Approaches that incorporate nuance, pattern recognition, and a broader understanding of human dynamics are often labeled as “soft.” In reality, those are the capabilities required to make decisions that hold up over time and move families, humans, through change.
Early in my career, I felt that tension directly. I adjusted, experimented, and at times moved away from my natural way of thinking in order to align with more traditional expectations. That process was instructive, and sometimes it worked for me—but it also clarified where that model falls short.
Over time, I became more deliberate about refining how I think and lead, rather than overriding it, especially as these patterns in wealthy families became apparent to me.
The complexity of this work requires a wider lens and more precise judgment, not a narrower one. And increasingly, there’s recognition that diversity in how leaders think and operate is not optional—it’s necessary.
Q: A few personal reflections: what would you consider your superpower, and what advice would you give to women considering a major career transition or entrepreneurial leap?
A: I’m exceptionally good at identifying what’s actually driving a situation beneath the surface—and articulating it in a way that creates clarity and movement. I see the nuances and relational components easily.
In complex environments, what’s visible is often not what’s decisive. Being able to see the underlying dynamics and make them understandable to others is what allows progress to happen.

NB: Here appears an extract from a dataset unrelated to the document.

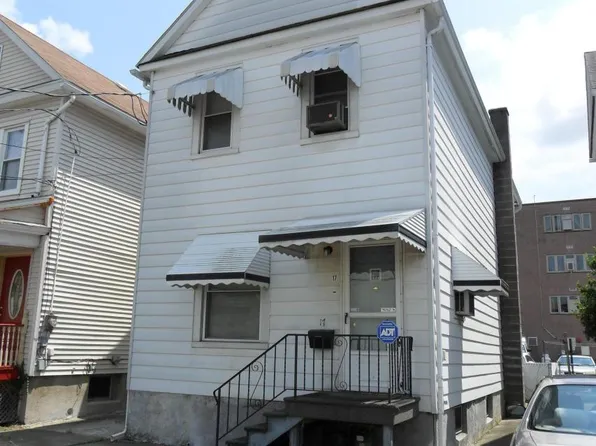 17 Mott St, Kingston, PA 18704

In terms of transition, clarity doesn’t always come before action—it often develops through the process itself.
There can be pressure to follow a defined path or to make decisions that feel immediately certain. What I’ve found is that the more important work is understanding where you create the most value and being willing to move toward that with intention. I would tell any woman considering a career shift to be very clear about what they do extremely well and leverage it!